Его планы связаны и с театром и с кино.
Он рассказывает:
— После «Ромео и Джульетты» трудно выбрать подходящий сюжет для нового фильма — все идеи кажутся бледными. Кроме того, хочется отдохнуть от Шекспира. Предлагали экранизировать «Макбета», но я отказался. Остановился на жизни Франциска Ассизского. Картина будет называться «Брат-Солнце и сестра-Луна». Франциск Ассизский родился семьсот пятьдесят лет назад, но его волновали те же проблемы, которые определяют отношение к жизни сегодняшней молодежи — в Риме, Париже, Лондоне или Чикаго. Франциск Ассизский был противником насилия и войны, искал способ изменить мир, он стал инициатором движения, которое должно было преобразить структуру римско-католической церкви, а в какой-то степени и общества. Это не значит, что я хочу с его помощью поучать молодежь. Я просто хочу рассказать историю одного молодого человека из очень богатой семьи, взбунтовавшегося против своего окружения, против богатства, уничтожающего мораль, против окостенения идей. Тот бунт ничем не отличается от бунта современной молодежи. И сегодняшние бунтари нередко происходят из богатых буржуазных семей и протестуют против норм своего мира. Но многие сегодняшние бунтари, чувствуя, что что-то нужно делать, не знают, что именно, и останавливаются на бунте.
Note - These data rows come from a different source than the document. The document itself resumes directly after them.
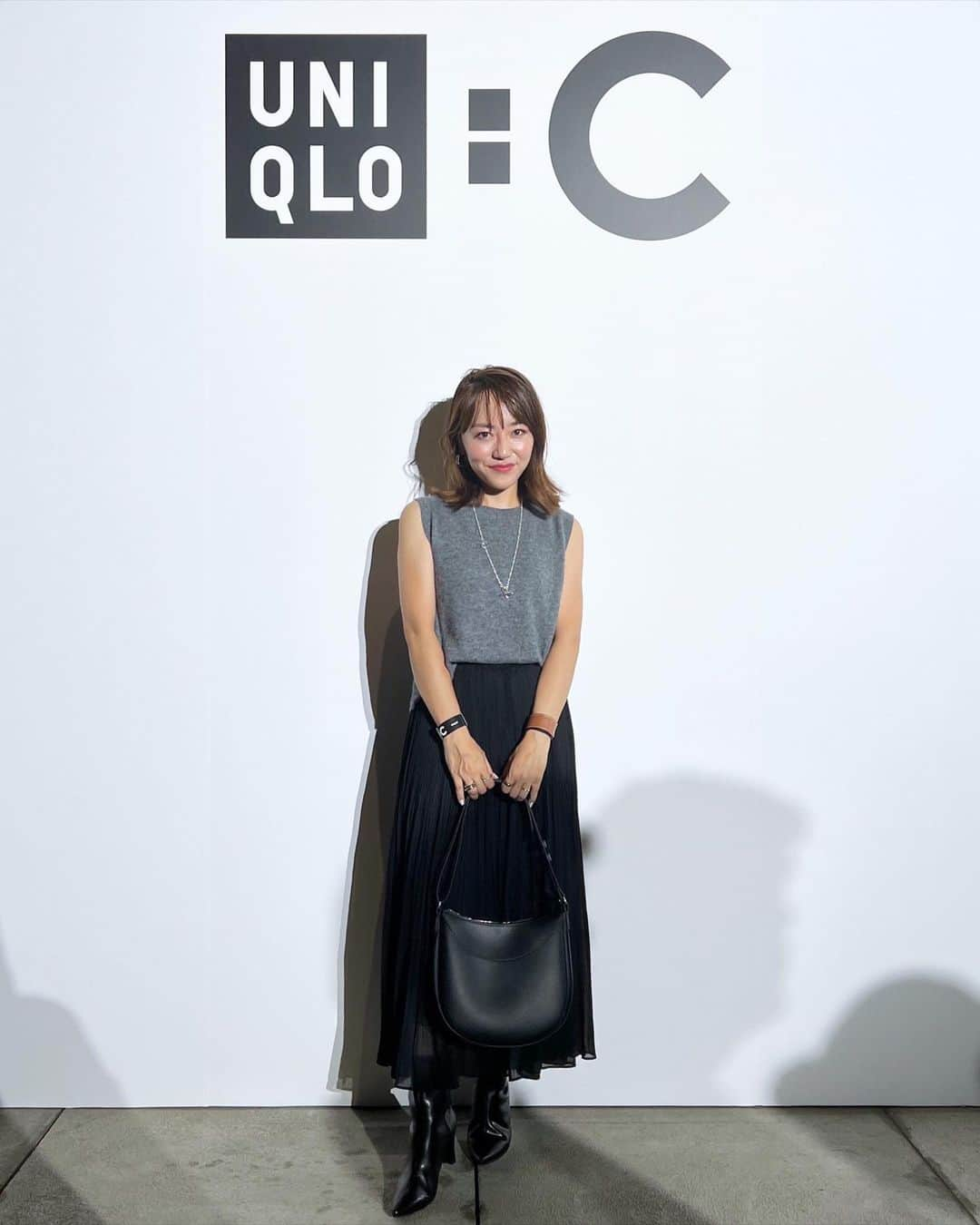 maricoさんのインスタグラム写真 - (maricoInstagram)「上下#uniqloc を着て行ったよ☺︎ なぜ二の腕全開で行ったのか🫠  tops▶︎#カシミヤクルーネックショートセーター Mサイズ　￥6,990- sk▶︎#シフォンプリーツスカート Sサイズ　¥4,990- bag▶︎レザータッチワンハンドルバッグ ¥2,990-  モデルさんたちがかっこよかった😳✨Cのアウターも可愛かったよ🥺❤️  二の腕はもう出さない🫠  @uniqlo_with  @uniqlo_jp  #uniqlo#ユニクロ#ユニクロコーデ#低身長コーデ#キレイめコーデ#プリーツスカート#153cmコーデ」9月16日 10時25分 - marico__0088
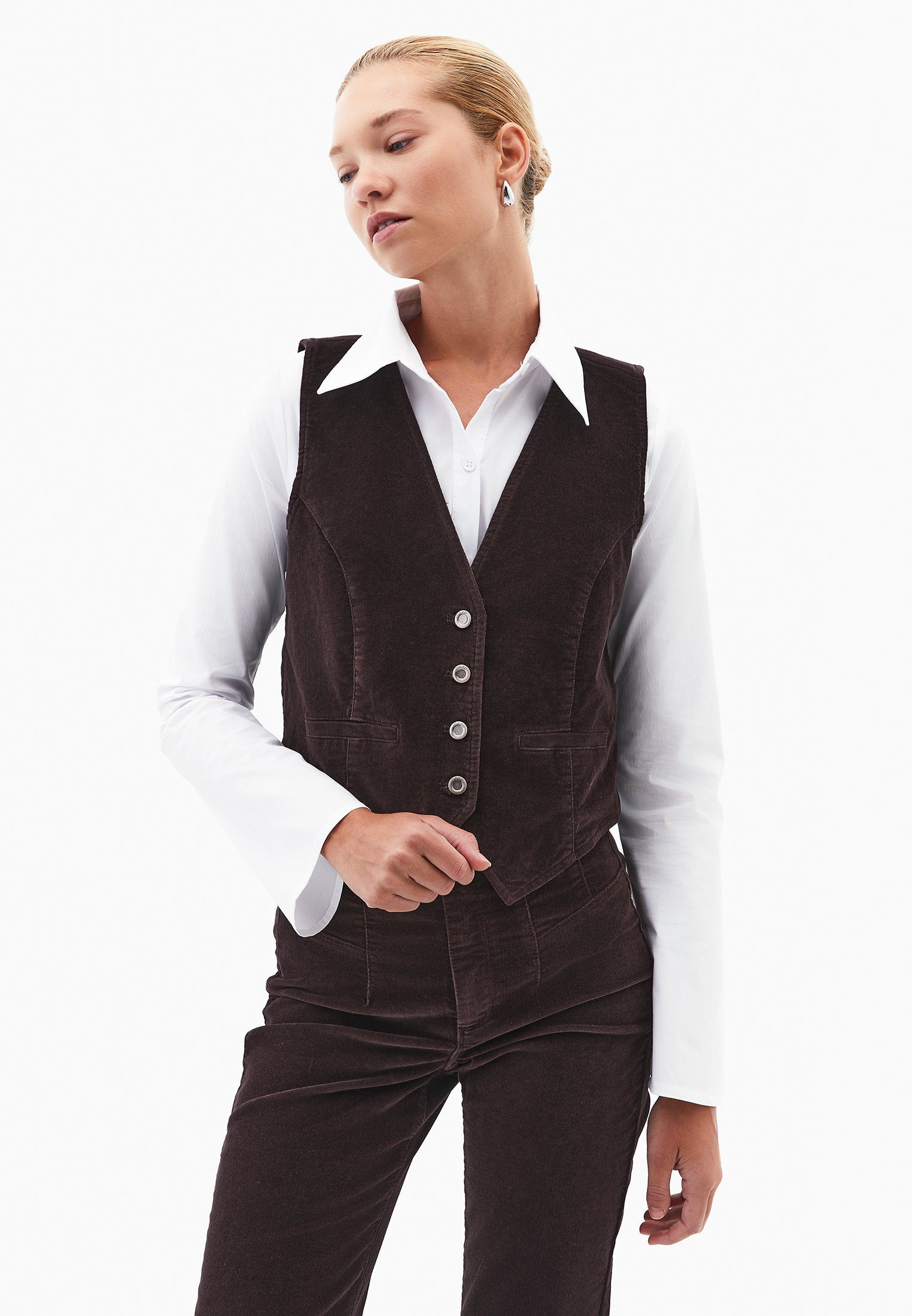 V-Neck Ribbed Velvet Vest - CHOCOLATE TORTE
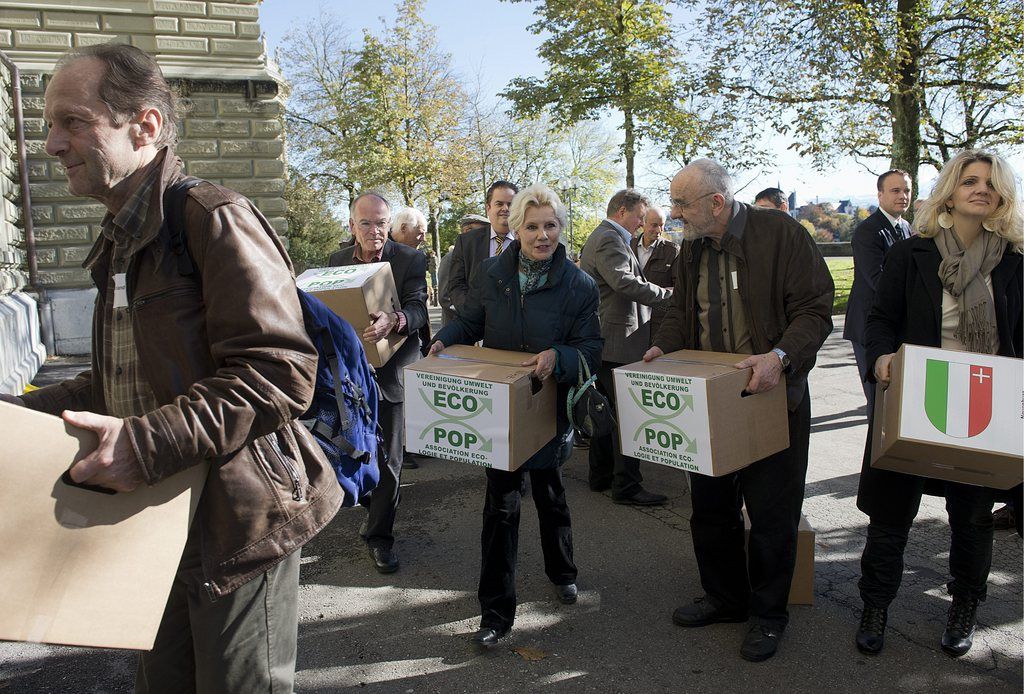 Les membres de l'association déposent les cartons avec les signatures à Berne. 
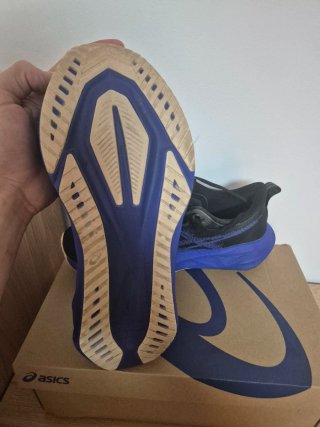 Zapatillas Asics Novablast 5 Talla 44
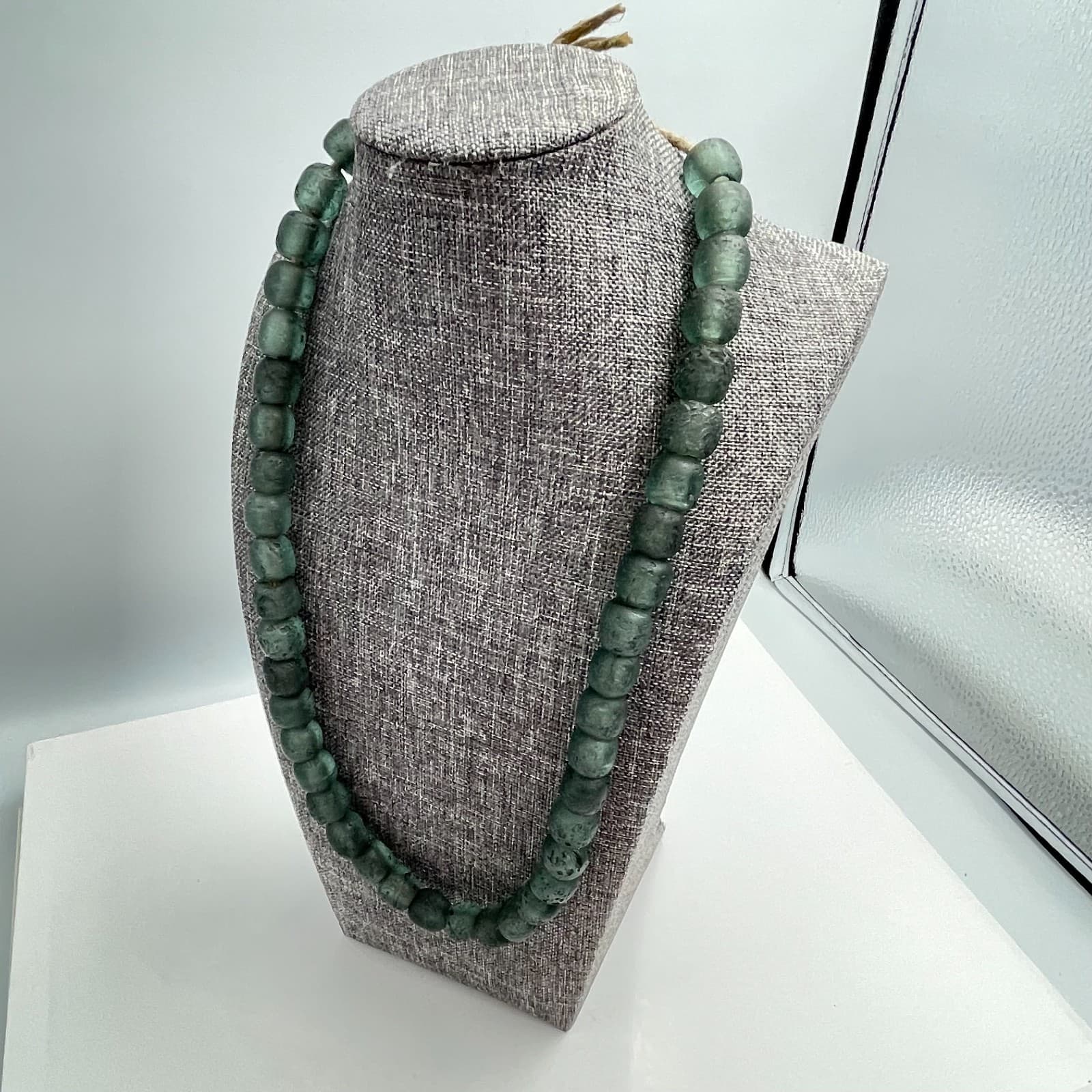 Vintage 90s Teal Green Recycled Glass Beaded Necklace Boho Women's Jewelry - Thumbnail 5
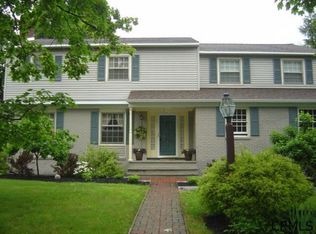 2535 Peters Ln, Niskayuna, NY 12309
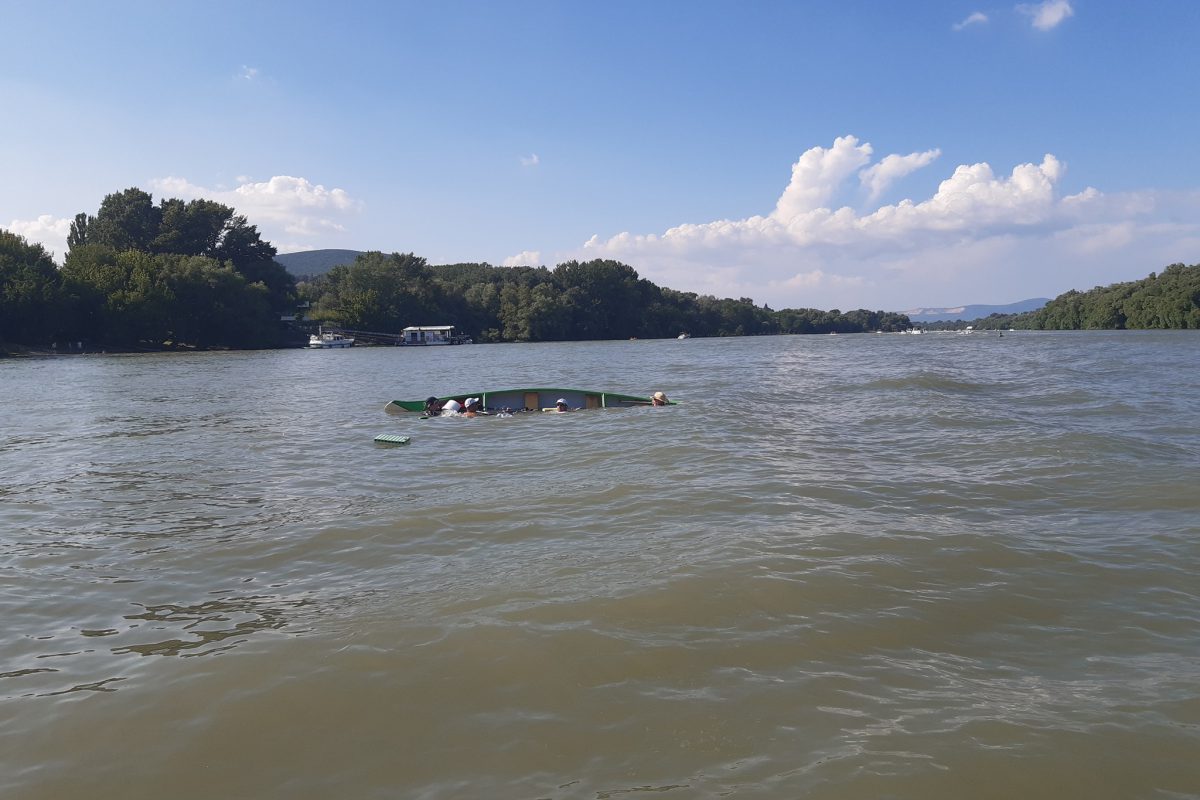 Szerencsés baleset a Dunán!...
А Франциск Ассизский имел программу действий — он открыл ее в духовном обновлении, он протестовал против окостенения и деморализации самого мощного тогда общественного института — церкви. Сегодня религия перестала быть главным, но есть другой окостеневший и деморализующий институт — государство. Роль Франциска играет Трем Фокнер, его партнершей будет бывшая манекенщица Джуди Боукер. Изобразительная сторона фильма будет строиться на образах итальянской архитектуры XII века. Народные песни XII века аранжирует английская звезда биг-бита композитор Донован. После этого фильма хочу поставить «Жизнь Галелео Галилея» по пьесе Брехта. Это будет не экранизация пьесы, а, скорее, фильм на базе спектакля, открытий и достижений Брехта. Шекспир — это само кино, шекспировское изложение событий, драматическая экспозиция фактов как нельзя более подходят для экрана. Брехт — это театр. Но у него есть интуиция и много ценностей, которые должно использовать кино.